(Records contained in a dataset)

- Opening Delimiter -

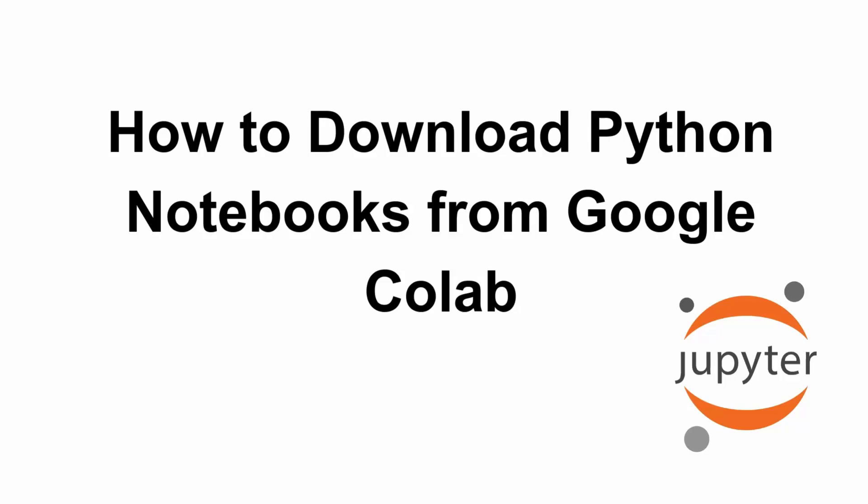Hey everyone, welcome back to the channel. If you want to save your Google Colab notebooks to your computer, then in this quick guide of how to download Python notebooks from Google Colab, I'll show you multiple ways to download your notebook as .ipynb or .py files. So let's get started.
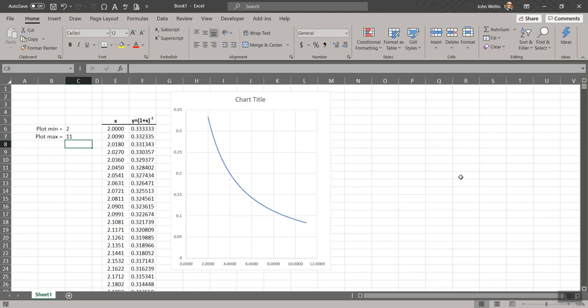So I didn't create any labels on the axes here. I didn't change a chart title or do any kind of formatting of that. That's all stuff you should know at this point to do. I just wanted to show you the process. I think you'll find this quite useful for your work in MECHE 102. Thanks.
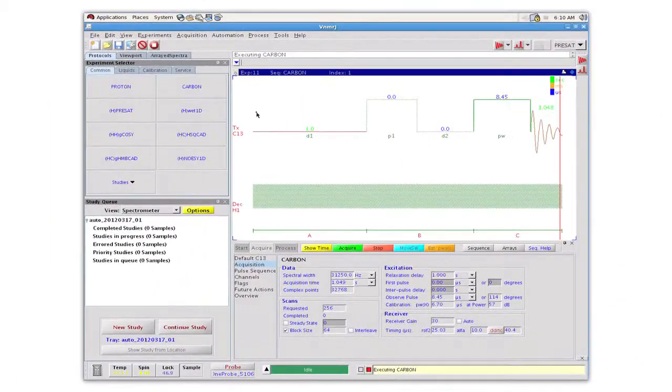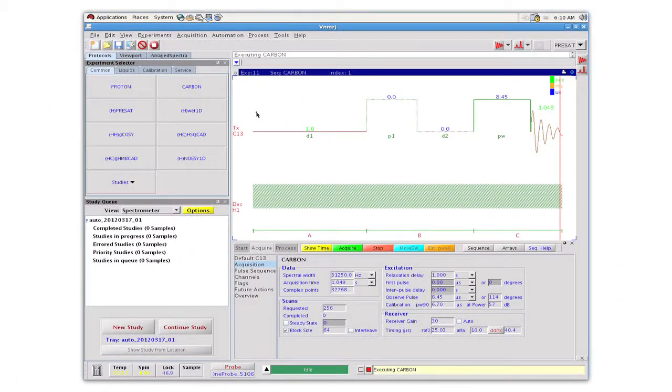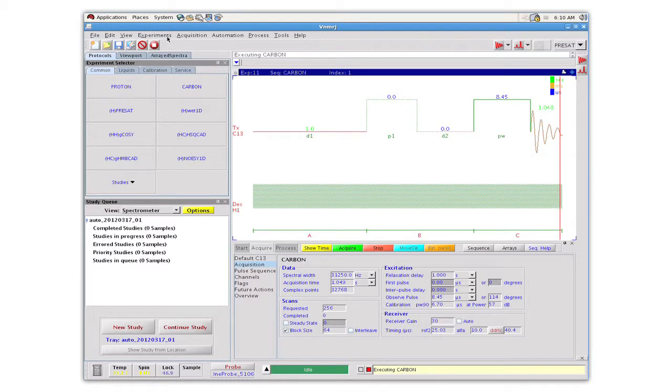We are using a 500 MHz DD2 spectrometer equipped with a 1NMR probe. A vinyl decaborane sample has been placed into the magnet, it is locked and shimmed, and the probe is tuned to the respective B11 and proton frequencies.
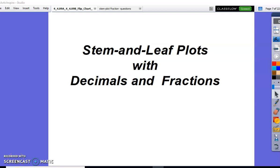Hello boys and girls. Today we will be talking about stem and leaf plots. Our focus today will be on decimals and fractions that will be listed in our stem and leaf plots.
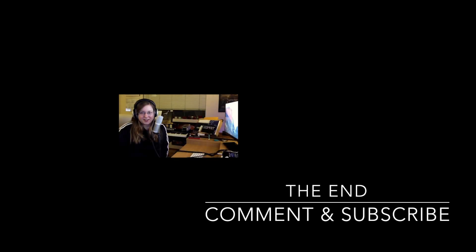I hope this was helpful. As usual comment with any questions or any future requests and I'll see you next time!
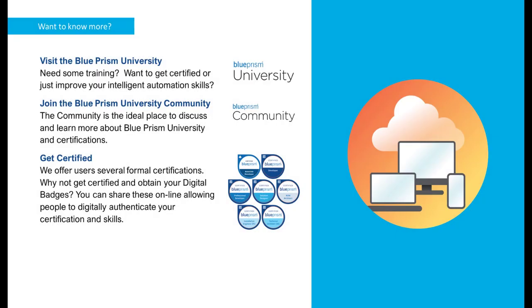Thank you for watching this video. If you want to learn more about the Attach action page or any other Blue Prism product, please visit the Blue Prism University via the link in the description below. Visit Blue Prism University community to get support from other members and participate in various discussions via the link in the description below.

- Closing Delimiter -

What you should do: Please copy the data above word for word, but only from the line that contains "I hope this" through the final line, both included, and without the pictures.

Result:
I hope this was helpful. As usual comment with any questions or any future requests and I'll see you next time!
Thank you for watching this video. If you want to learn more about the Attach action page or any other Blue Prism product, please visit the Blue Prism University via the link in the description below. Visit Blue Prism University community to get support from other members and participate in various discussions via the link in the description below.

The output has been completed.